Quantcast

utf-8, probable solution

classic Classic list List threaded Threaded
3 messages Options
Reply | Threaded
Open this post in threaded view
|  
Report Content as Inappropriate

utf-8, probable solution

Paul POULAIN-2
Thanks to Heikki Levanto, Tümer Garip & Mike Rylander, you pointed 3
things useless alone, but very useful when mixed.

I think I have the solution to our problem.
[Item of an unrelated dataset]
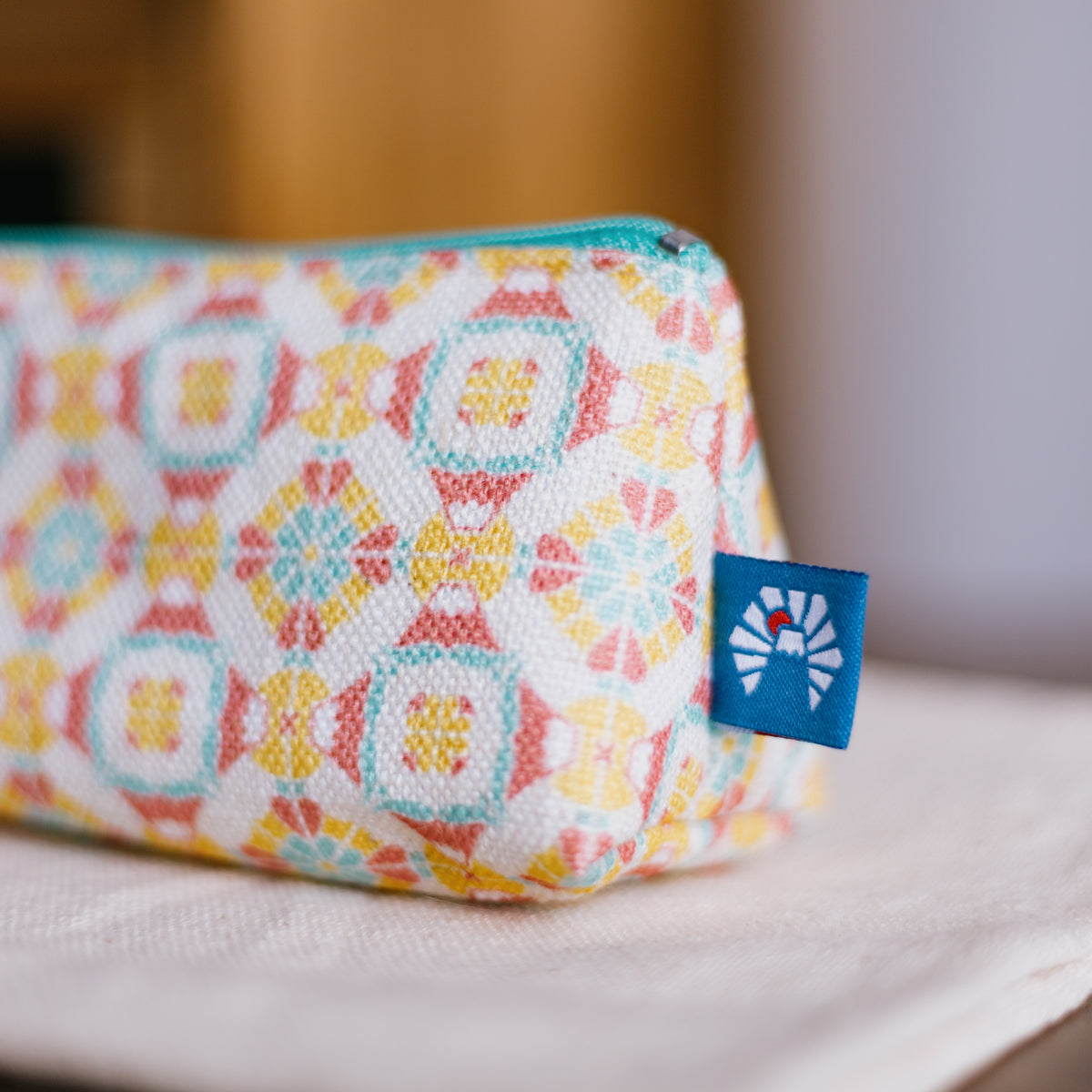 【三角拉鍊包】富士山 🗻|湖水綠粉紅|磁磚系列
It's not a zebra or
html::template or marc::record problem, it's a Perl one !

Let me explain :
I followed my utf-8 string in my perl Code until printed and it was
always utf-8 (\x9c...)
But in firefox, it was iso8859-1.

Heikki told me that the first 255 char were shared by unicode and
iso8859-1. So, I told myself : OK, Paul, add a "true utf-8 character to
your string". I choose \x{263a} (the smiley, because i'm always
optimistic & that is what is used in perluniintro)

Surprise ... now my é was a utf-8 é in firefox !!!!
Conclusion : perl looked at my string before sendint it, and, as it
finds it's not "true utf-8", Perl did something to change it in iso8859-1.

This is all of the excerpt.